(Stored data entries)
================

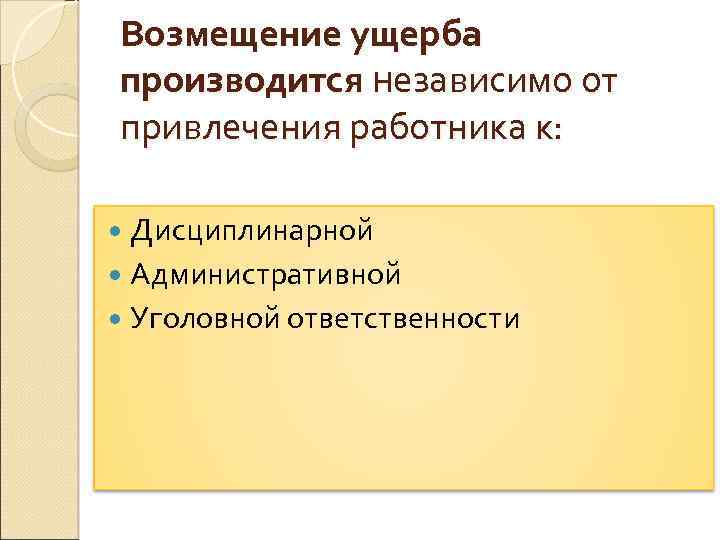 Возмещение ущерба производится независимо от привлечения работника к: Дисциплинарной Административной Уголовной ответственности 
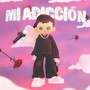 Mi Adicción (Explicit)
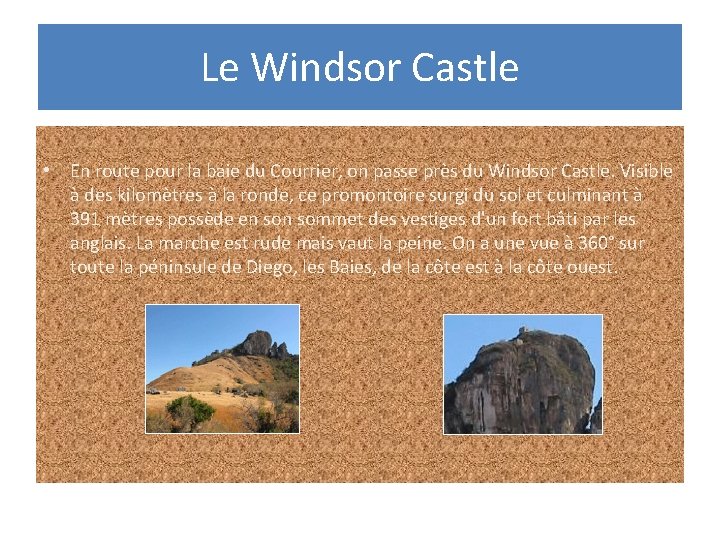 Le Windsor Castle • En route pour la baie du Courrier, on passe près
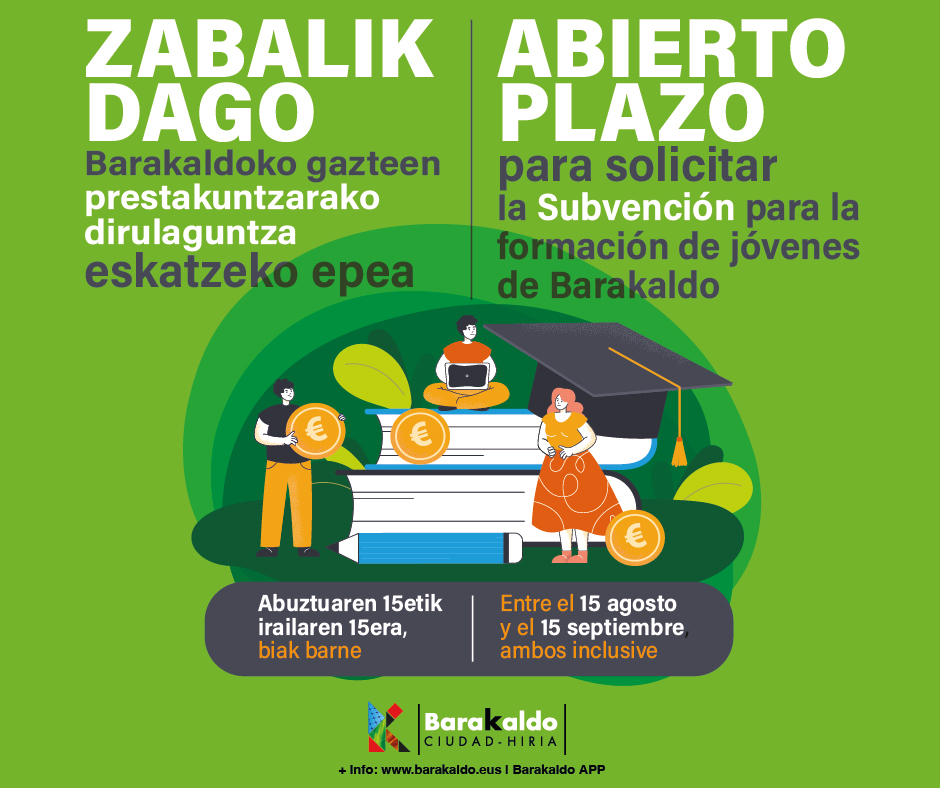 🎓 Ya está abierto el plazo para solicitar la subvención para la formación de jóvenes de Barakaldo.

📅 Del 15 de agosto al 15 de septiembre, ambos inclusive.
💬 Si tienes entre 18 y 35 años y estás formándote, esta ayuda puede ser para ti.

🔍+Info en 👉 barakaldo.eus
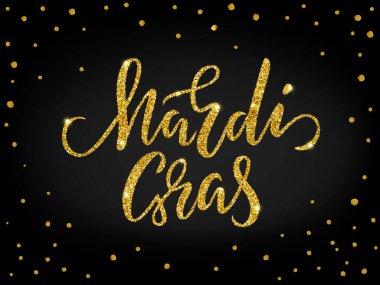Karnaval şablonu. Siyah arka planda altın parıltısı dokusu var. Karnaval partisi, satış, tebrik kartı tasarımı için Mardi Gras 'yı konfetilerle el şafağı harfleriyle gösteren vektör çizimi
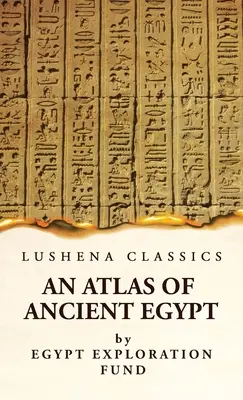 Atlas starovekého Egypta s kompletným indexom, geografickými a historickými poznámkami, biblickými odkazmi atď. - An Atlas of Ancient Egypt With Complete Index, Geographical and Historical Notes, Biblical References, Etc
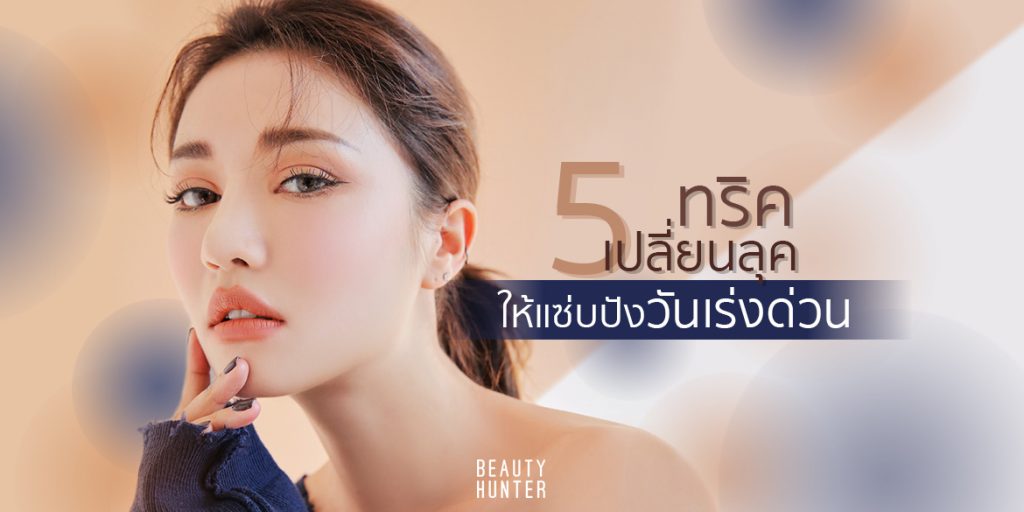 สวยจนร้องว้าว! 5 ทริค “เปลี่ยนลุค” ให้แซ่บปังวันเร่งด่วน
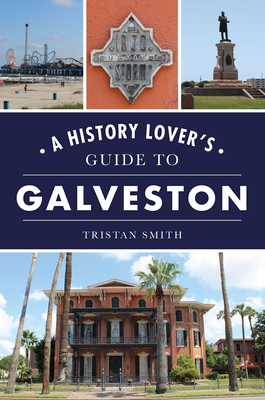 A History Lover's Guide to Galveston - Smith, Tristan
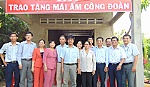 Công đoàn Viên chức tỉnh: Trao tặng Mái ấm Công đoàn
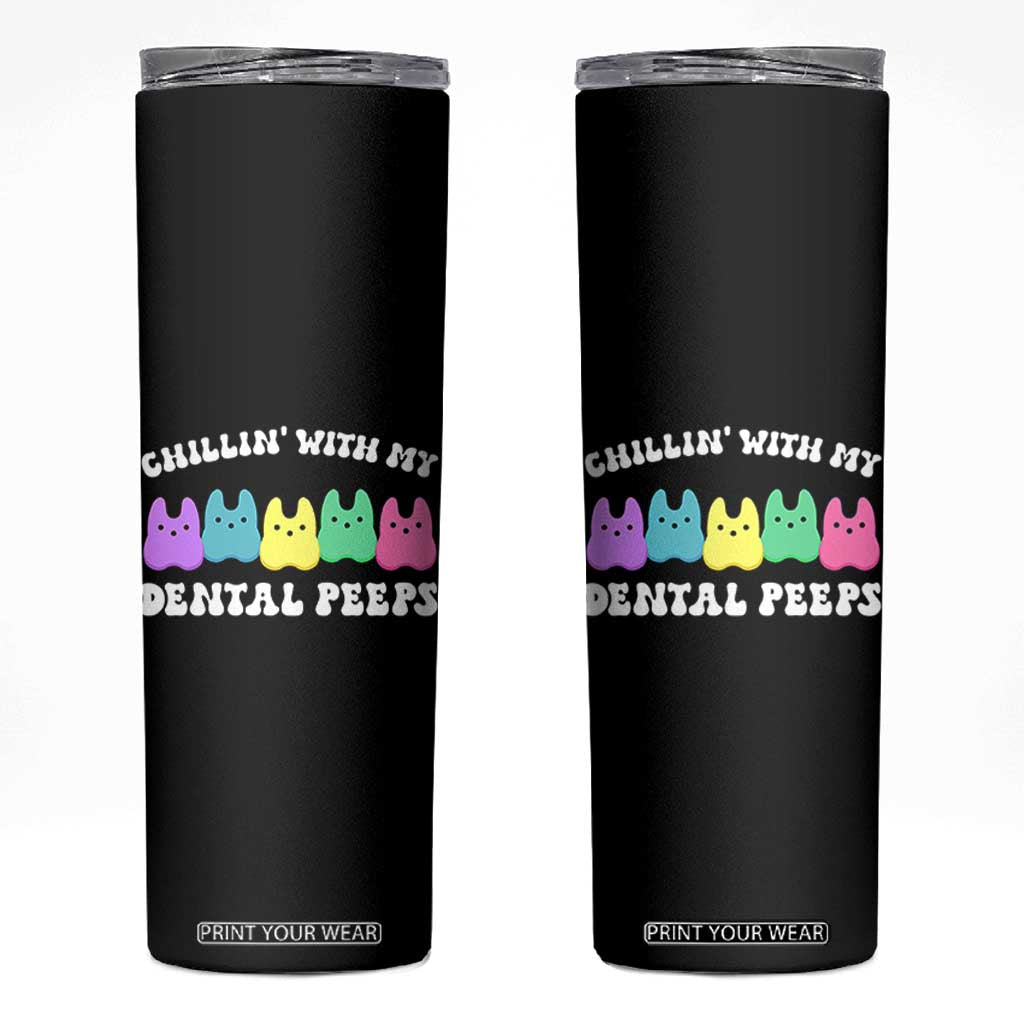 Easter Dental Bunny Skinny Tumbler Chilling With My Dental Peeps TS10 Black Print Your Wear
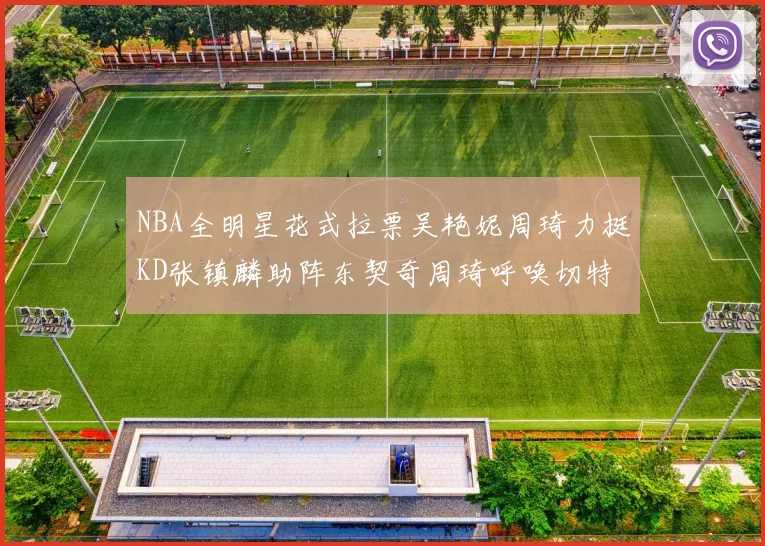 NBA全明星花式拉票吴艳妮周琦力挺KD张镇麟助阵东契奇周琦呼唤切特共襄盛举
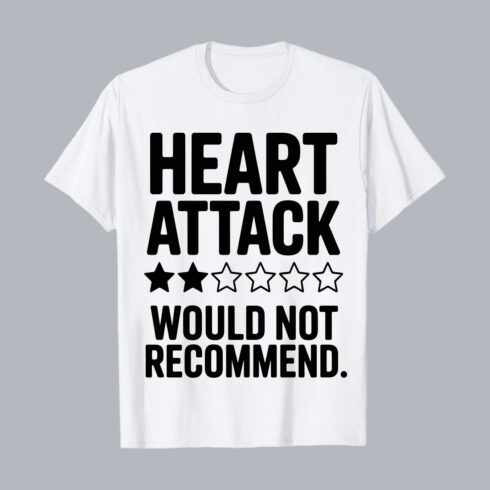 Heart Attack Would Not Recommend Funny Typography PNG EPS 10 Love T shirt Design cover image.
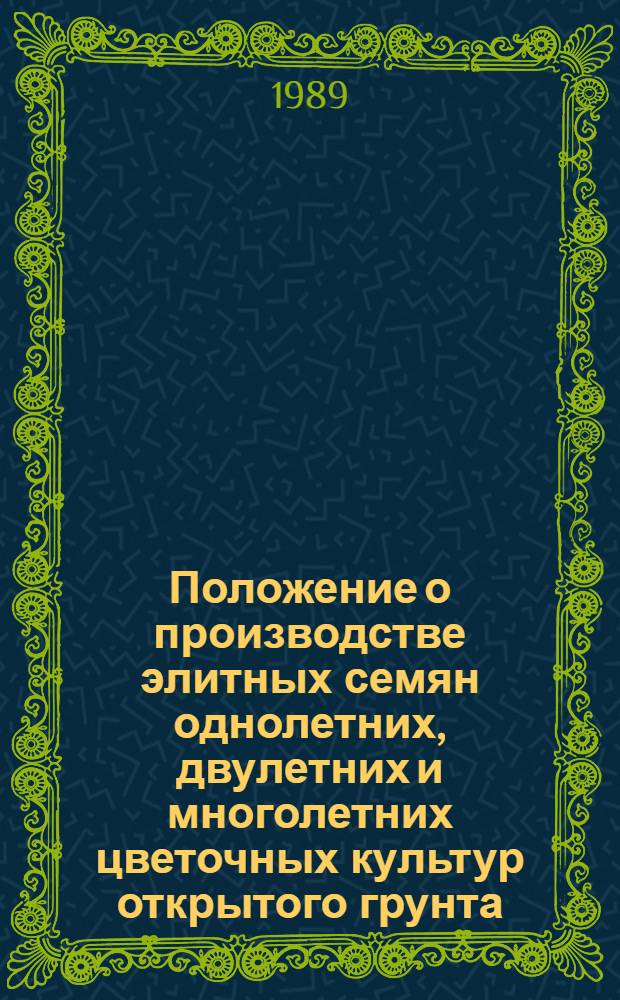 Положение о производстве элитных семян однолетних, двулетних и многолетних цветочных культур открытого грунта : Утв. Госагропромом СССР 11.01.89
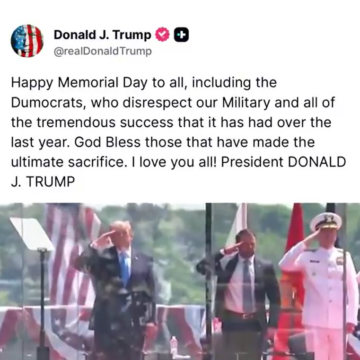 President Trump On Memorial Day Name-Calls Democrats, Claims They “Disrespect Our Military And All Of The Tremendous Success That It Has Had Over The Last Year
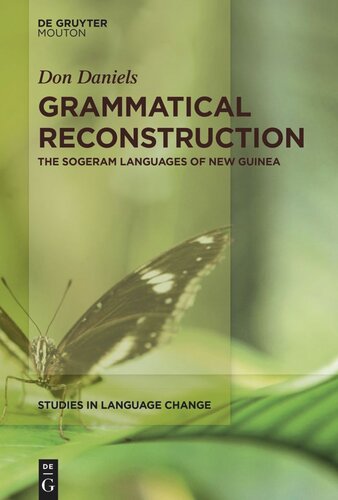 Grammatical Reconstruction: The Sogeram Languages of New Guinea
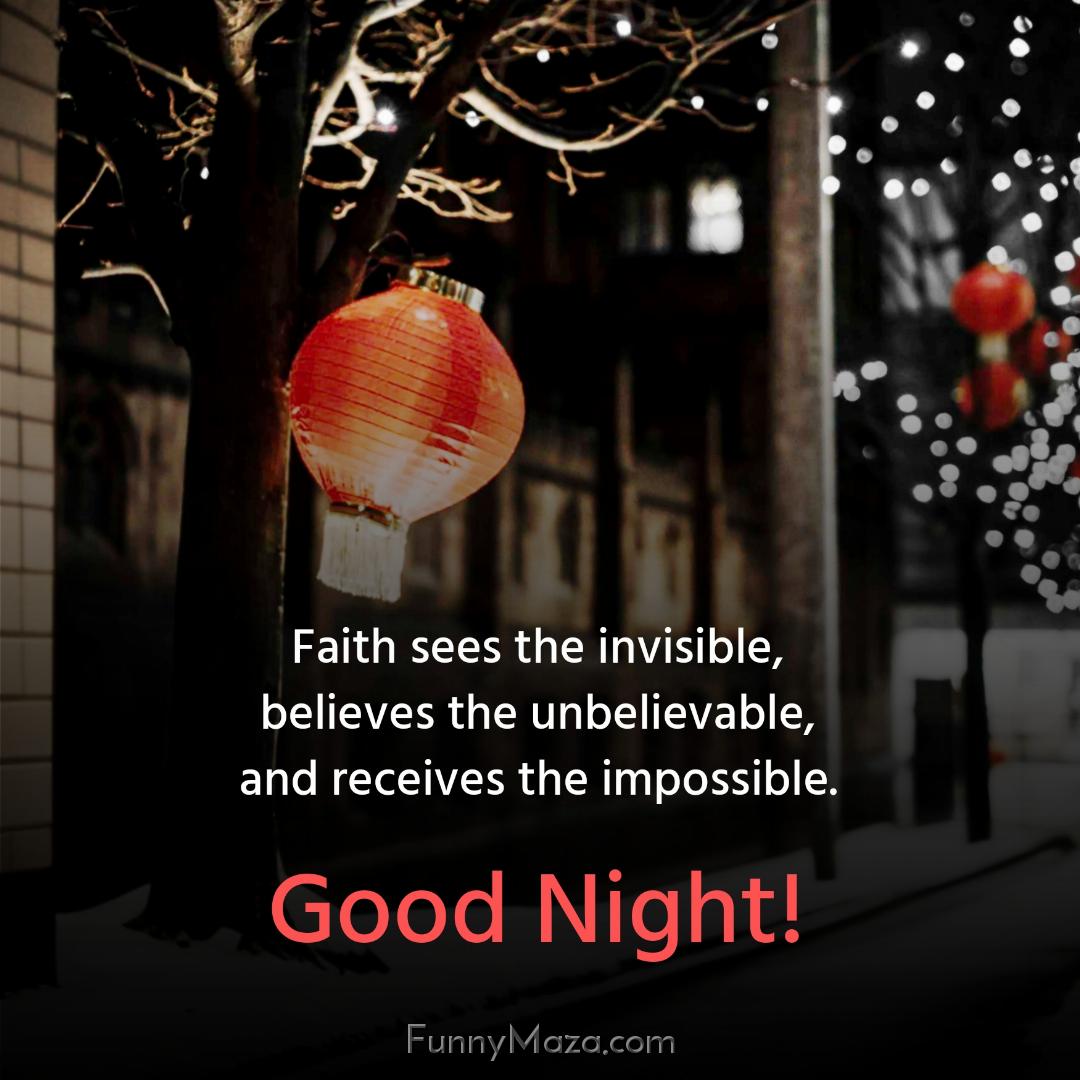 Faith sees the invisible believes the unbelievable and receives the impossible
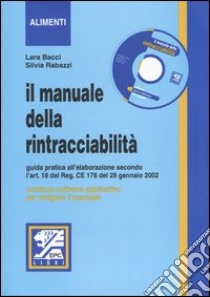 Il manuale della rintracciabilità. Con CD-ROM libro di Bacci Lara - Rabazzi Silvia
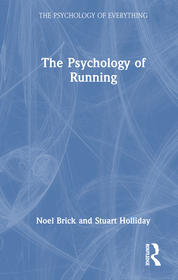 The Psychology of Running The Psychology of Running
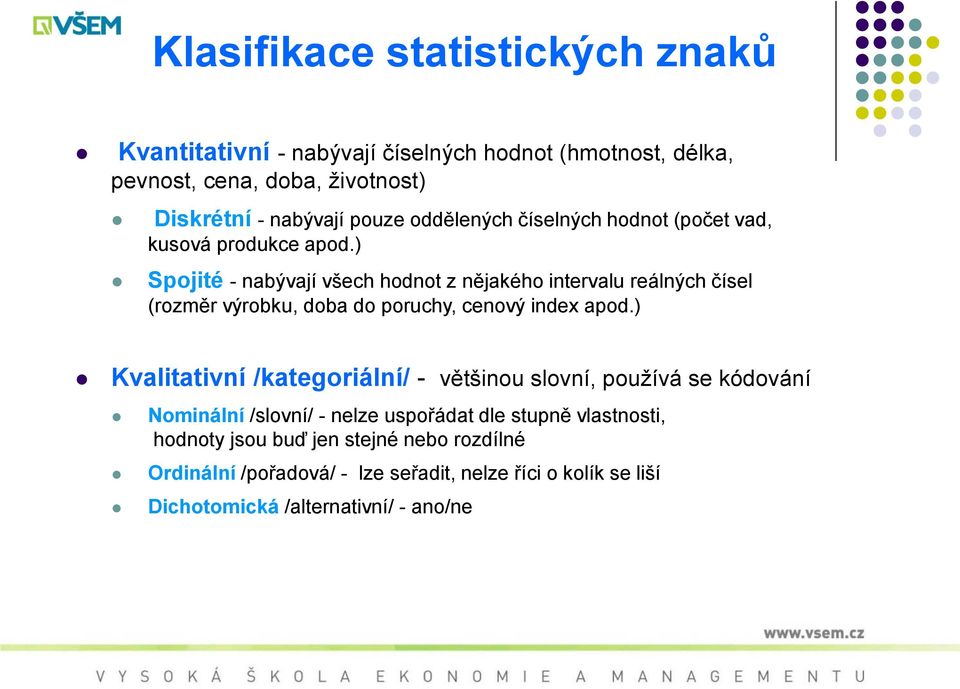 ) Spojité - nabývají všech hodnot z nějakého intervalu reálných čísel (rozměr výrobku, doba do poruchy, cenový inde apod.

================

▶ Problem statement:
Your copy should hold the lines from the one with "ser para ti." up to and including the one with "NBA全明星花式拉票吴艳妮周琦力挺KD张镇麟助阵东契奇周琦呼唤切特共襄盛举", exactly as in the data above, and no pictures.

▶ Solution for this task:
💬 Si tienes entre 18 y 35 años y estás formándote, esta ayuda puede ser para ti.

🔍+Info en 👉 barakaldo.eus
Karnaval şablonu. Siyah arka planda altın parıltısı dokusu var. Karnaval partisi, satış, tebrik kartı tasarımı için Mardi Gras 'yı konfetilerle el şafağı harfleriyle gösteren vektör çizimi
 Atlas starovekého Egypta s kompletným indexom, geografickými a historickými poznámkami, biblickými odkazmi atď. - An Atlas of Ancient Egypt With Complete Index, Geographical and Historical Notes, Biblical References, Etc
 สวยจนร้องว้าว! 5 ทริค “เปลี่ยนลุค” ให้แซ่บปังวันเร่งด่วน
 A History Lover's Guide to Galveston - Smith, Tristan
 Công đoàn Viên chức tỉnh: Trao tặng Mái ấm Công đoàn
 Easter Dental Bunny Skinny Tumbler Chilling With My Dental Peeps TS10 Black Print Your Wear
 NBA全明星花式拉票吴艳妮周琦力挺KD张镇麟助阵东契奇周琦呼唤切特共襄盛举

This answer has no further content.